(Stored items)
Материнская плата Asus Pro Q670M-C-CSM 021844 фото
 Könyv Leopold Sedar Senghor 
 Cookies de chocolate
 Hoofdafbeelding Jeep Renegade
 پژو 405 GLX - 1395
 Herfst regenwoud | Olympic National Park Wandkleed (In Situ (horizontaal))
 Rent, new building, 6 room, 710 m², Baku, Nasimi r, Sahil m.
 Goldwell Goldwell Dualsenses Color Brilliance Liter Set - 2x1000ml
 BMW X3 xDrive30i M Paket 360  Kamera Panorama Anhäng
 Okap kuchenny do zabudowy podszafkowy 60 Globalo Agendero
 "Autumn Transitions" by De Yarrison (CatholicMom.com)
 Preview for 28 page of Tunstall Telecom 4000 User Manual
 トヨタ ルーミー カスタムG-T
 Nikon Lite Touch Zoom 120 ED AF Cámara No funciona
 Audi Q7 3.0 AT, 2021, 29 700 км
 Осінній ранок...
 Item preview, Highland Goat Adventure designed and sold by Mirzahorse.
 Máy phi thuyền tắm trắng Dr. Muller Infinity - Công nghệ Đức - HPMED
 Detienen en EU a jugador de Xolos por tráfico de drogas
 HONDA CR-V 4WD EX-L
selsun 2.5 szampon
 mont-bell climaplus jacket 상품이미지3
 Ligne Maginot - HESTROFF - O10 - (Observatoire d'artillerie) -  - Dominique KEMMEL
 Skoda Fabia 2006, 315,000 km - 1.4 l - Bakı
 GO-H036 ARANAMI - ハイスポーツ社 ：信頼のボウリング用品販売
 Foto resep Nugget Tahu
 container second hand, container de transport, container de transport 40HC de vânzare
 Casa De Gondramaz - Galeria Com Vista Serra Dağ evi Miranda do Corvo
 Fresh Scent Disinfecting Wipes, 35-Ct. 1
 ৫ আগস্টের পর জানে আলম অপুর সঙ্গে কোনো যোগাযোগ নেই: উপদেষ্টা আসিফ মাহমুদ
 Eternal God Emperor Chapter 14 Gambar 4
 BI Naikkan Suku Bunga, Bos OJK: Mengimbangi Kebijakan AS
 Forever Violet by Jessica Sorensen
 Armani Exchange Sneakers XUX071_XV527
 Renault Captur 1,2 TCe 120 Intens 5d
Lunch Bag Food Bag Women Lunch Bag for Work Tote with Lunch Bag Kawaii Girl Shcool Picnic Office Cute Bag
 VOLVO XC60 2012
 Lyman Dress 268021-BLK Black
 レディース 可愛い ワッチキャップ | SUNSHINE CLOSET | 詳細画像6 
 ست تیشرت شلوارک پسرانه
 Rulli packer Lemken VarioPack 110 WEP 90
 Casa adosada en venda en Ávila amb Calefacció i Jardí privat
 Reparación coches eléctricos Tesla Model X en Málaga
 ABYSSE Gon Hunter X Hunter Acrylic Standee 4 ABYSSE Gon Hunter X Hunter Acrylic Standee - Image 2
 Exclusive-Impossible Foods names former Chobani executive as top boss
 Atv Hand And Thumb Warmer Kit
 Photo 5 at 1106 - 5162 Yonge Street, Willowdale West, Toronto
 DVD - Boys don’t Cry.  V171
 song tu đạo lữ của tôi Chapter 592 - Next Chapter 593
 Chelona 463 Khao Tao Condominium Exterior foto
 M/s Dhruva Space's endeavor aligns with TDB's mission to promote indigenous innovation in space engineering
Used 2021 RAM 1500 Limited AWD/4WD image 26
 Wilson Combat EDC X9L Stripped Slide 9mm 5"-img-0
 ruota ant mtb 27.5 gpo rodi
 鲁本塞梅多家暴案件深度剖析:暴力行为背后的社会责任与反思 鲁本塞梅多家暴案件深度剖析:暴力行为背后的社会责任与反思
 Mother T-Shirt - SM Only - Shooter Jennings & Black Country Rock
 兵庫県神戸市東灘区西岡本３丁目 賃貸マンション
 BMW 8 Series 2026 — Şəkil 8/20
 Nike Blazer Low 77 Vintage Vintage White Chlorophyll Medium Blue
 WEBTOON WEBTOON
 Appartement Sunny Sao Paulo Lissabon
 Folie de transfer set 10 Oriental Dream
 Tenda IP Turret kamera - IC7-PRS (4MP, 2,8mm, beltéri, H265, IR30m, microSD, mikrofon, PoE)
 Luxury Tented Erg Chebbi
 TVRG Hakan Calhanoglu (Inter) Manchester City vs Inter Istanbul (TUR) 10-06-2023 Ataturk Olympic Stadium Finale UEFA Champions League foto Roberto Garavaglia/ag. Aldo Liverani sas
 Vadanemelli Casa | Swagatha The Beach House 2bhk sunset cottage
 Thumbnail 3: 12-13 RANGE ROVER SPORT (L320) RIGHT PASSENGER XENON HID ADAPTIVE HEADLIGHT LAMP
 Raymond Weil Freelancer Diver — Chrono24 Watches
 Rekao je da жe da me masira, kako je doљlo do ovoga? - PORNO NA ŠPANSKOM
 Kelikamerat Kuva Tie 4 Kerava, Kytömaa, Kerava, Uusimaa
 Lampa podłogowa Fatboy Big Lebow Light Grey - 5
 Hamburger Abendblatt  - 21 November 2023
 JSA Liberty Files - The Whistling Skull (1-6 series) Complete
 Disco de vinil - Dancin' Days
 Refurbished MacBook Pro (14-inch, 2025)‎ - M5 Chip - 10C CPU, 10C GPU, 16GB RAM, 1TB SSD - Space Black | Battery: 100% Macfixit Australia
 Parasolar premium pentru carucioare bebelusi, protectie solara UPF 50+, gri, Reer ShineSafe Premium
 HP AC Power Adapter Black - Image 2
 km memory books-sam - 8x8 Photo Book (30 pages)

» EXERCISE PROMPT
List each line of the entries that holds the string "Space".

» RESULT BELOW
 M/s Dhruva Space's endeavor aligns with TDB's mission to promote indigenous innovation in space engineering
 Refurbished MacBook Pro (14-inch, 2025)‎ - M5 Chip - 10C CPU, 10C GPU, 16GB RAM, 1TB SSD - Space Black | Battery: 100% Macfixit Australia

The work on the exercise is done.